Re: [patch 6/6] mm: fsync livelock avoidance

Nick Piggin <npiggin@xxxxxxx> · Thu, 11 Dec 2008 23:32:13 +0100

On Thu, Dec 11, 2008 at 01:51:11PM -0800, Andrew Morton wrote:
> On Wed, 10 Dec 2008 08:42:09 +0100
> Nick Piggin <npiggin@xxxxxxx> wrote:
> > 
> > This lock also solves a real data integrity problem that I only noticed as
> > I was writing the livelock avoidance code. If we consider the lock as the
> > solution to this bug, this makes the livelock avoidance code much more
> > attractive because then it does not introduce the new lock.
> > 
> > The bug is that fsync errors do not get propogated back up to the caller
> > properly in some cases. Consider where we write a page in the writeout path,
> > then it encounters an IO error and finishes writeback, in the meantime, another
> > process (eg. via sys_sync, or another fsync) clears the mapping error bits.
> > Then our fsync will have appeared to finish successfully, but actually should
> > have returned error.
> 
> Has *anybody* *ever* complained about this behaviour?  I think maybe
> one person after sixish years?

The livelock behaviour? (or the error propagation).

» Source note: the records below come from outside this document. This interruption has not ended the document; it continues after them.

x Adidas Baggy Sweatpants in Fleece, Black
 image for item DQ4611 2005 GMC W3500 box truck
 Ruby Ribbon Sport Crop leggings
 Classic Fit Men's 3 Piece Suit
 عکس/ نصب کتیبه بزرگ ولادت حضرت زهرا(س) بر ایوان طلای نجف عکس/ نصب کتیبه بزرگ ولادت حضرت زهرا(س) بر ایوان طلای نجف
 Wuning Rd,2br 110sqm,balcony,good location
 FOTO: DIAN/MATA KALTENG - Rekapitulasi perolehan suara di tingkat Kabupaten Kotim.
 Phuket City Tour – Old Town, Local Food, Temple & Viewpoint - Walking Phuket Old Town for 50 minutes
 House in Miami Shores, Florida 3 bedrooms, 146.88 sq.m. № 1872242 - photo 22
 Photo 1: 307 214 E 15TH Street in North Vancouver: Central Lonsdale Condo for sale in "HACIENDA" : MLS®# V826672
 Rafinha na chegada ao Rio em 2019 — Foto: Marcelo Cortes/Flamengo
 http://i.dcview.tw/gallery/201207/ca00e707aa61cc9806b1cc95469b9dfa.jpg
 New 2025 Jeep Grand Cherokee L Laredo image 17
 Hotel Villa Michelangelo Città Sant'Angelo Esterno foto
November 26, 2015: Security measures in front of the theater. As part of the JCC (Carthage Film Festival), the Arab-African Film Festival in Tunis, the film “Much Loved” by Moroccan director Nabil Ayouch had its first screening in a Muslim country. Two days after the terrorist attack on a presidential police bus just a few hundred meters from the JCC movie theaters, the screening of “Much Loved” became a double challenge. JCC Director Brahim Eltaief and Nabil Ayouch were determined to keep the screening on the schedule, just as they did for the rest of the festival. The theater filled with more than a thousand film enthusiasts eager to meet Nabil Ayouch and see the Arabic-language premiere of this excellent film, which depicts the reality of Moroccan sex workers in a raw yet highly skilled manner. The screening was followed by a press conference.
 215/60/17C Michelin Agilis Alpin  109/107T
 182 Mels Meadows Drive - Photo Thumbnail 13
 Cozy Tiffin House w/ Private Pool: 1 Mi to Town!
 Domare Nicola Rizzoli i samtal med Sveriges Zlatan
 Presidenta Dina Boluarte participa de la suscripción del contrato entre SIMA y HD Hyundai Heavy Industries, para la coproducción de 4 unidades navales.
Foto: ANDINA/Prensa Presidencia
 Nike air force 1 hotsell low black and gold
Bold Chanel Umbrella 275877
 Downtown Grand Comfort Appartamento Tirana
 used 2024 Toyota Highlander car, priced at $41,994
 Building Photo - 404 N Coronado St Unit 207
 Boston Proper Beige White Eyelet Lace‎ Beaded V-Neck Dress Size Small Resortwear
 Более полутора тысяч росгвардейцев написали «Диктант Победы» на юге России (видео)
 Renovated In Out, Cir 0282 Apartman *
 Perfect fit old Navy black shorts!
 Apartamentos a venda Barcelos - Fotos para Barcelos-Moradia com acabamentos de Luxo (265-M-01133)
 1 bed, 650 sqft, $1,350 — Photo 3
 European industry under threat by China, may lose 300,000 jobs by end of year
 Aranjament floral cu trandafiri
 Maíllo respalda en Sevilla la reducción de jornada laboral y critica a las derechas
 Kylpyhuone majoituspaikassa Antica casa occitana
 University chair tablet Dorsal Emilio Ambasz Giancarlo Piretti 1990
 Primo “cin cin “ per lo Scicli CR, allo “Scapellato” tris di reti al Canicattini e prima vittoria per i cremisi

I first heard about it from Mikulas, where some dm tool locks up because
it does direct IO on the block device of mounted filesystem (or something
like that). That case is actually mostly solved by my first ptach in the
series. 

> Why fix it?

Good question. My earlier patches already in your tree removed some starvation
avoidance code because they were breaking data integrity semantics. So in
theory, your tree today is more susceptible to this sync/fsync starvation
than mainline. I care most about the correctness, and it would be great if
nobody cares about this starvation problem so we don't need the extra
complexity.

Thanks for the review.

> > +void mapping_fsync_lock(struct address_space *mapping)
> > +{
> > +	wait_on_bit_lock(&mapping->flags, AS_FSYNC_LOCK, sleep_on_fsync,
> > +							TASK_UNINTERRUPTIBLE);
> > +	WARN_ON(mapping_tagged(mapping, PAGECACHE_TAG_FSYNC));
> > +}
> > +
> > +void mapping_fsync_unlock(struct address_space *mapping)
> > +{
> > +	WARN_ON(mapping_tagged(mapping, PAGECACHE_TAG_FSYNC));
> > +	WARN_ON(!test_bit(AS_FSYNC_LOCK, &mapping->flags));
> > +	clear_bit_unlock(AS_FSYNC_LOCK, &mapping->flags);
> > +	smp_mb__after_clear_bit();
> 
> hm, I wonder why clear_bit_unlock() didn't already do that.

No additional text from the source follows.